**** Records to process

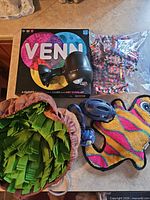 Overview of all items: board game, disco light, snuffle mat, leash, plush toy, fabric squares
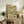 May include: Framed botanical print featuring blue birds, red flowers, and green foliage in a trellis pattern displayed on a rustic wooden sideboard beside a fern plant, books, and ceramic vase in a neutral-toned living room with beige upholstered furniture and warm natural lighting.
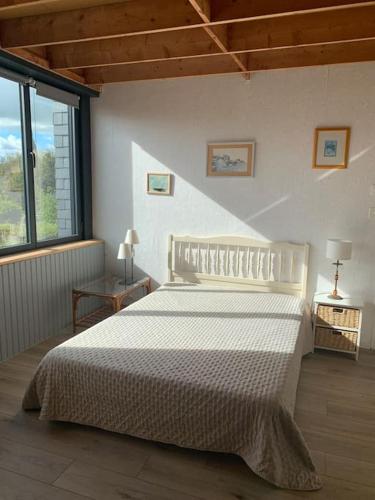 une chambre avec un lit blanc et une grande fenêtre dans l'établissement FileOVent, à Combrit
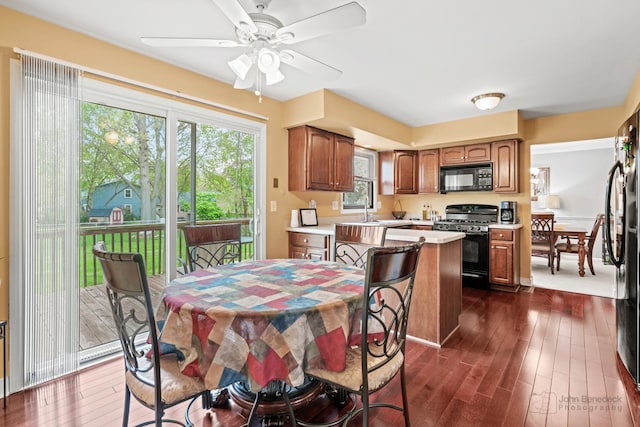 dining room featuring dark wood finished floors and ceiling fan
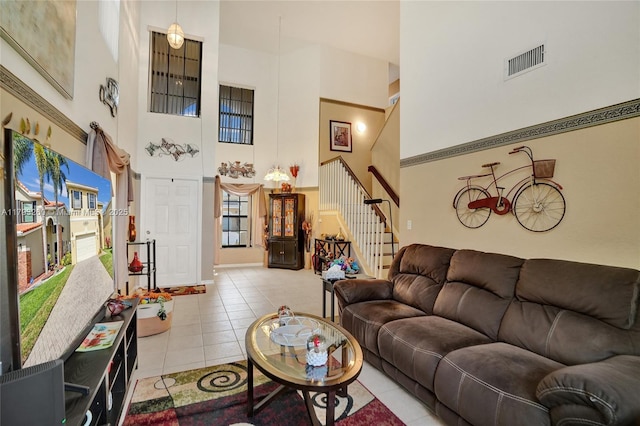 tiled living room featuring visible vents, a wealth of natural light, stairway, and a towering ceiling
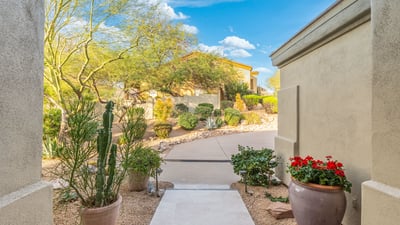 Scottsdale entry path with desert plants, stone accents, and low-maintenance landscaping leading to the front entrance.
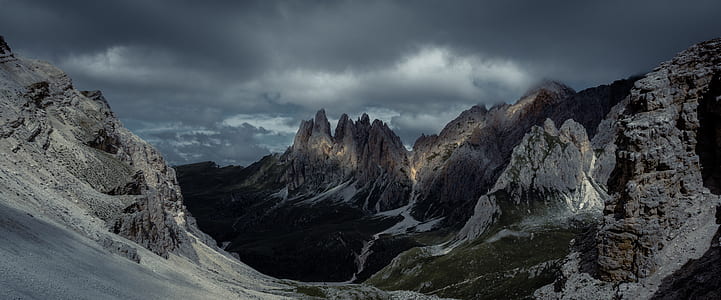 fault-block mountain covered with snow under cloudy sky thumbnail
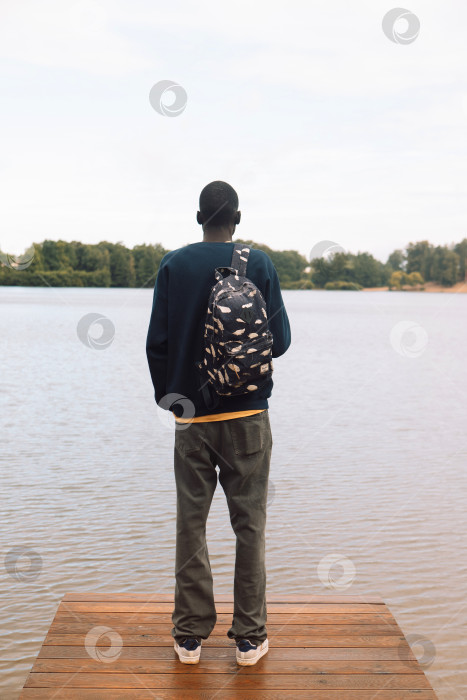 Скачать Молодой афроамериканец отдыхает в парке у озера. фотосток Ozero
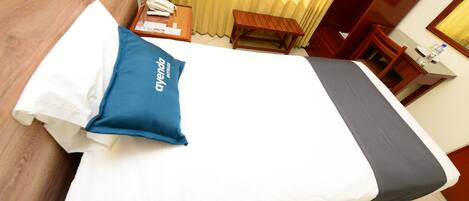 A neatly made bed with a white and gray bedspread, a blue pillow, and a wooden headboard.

********
**** Records to process

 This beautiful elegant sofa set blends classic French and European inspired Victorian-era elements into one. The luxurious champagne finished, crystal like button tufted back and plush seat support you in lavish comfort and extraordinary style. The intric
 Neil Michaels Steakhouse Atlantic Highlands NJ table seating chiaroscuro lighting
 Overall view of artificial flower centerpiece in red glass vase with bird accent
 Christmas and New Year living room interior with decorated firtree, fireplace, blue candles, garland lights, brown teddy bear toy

********

While skipping the pictures, transcribe the data above from the line showing "fault-block mountain covered" through the line showing "A neatly made", exactly and with both ends.

 fault-block mountain covered with snow under cloudy sky thumbnail
 Скачать Молодой афроамериканец отдыхает в парке у озера. фотосток Ozero
 A neatly made bed with a white and gray bedspread, a blue pillow, and a wooden headboard.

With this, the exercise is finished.